→ What you should do
Please set down, with no changes, every line of the material below from the one containing "The Sketch Embroidered Tee in Offwhite" through the end. Skip the pictures.

→ Recorded data

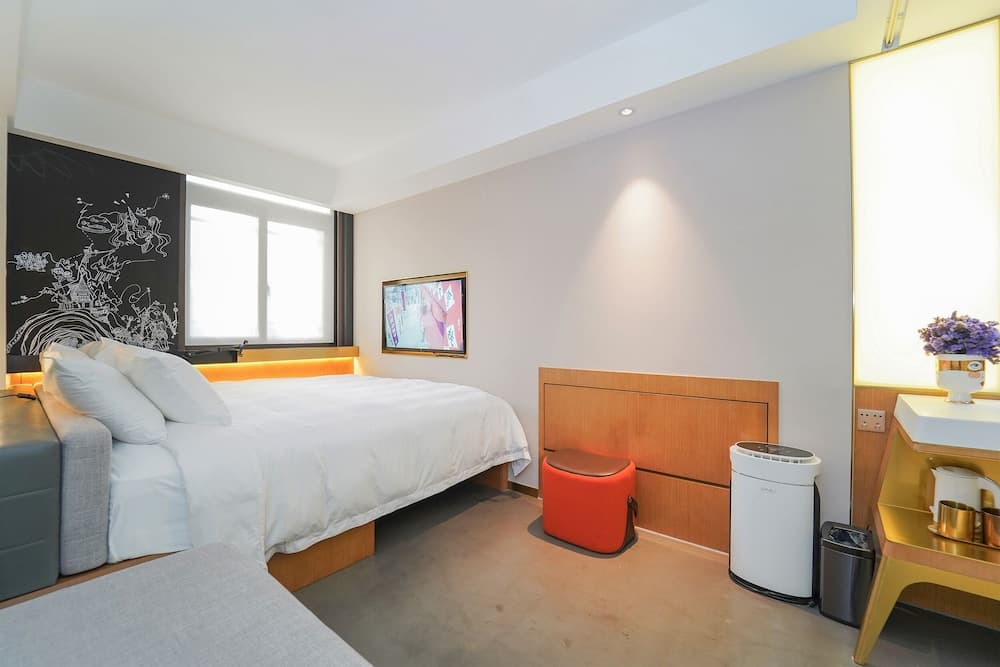 No. 8 Art Hotel photo 3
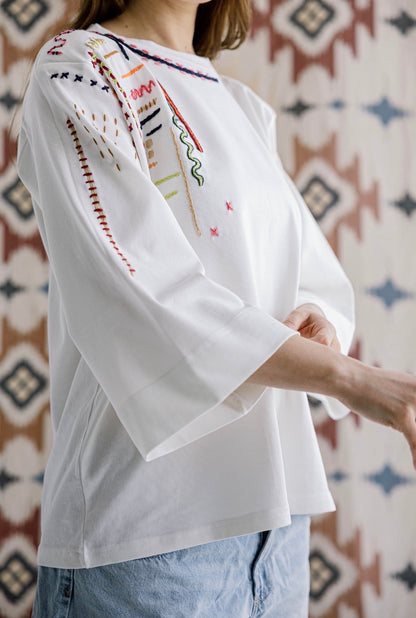 The Sketch Embroidered Tee in Offwhite
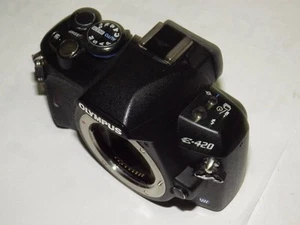 Olympus Digital Single Lens E-420 Gehäuse ohne Betrieb bestätigt... - Bild 1 von 9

→ Solution to this problem
 The Sketch Embroidered Tee in Offwhite
 Olympus Digital Single Lens E-420 Gehäuse ohne Betrieb bestätigt... - Bild 1 von 9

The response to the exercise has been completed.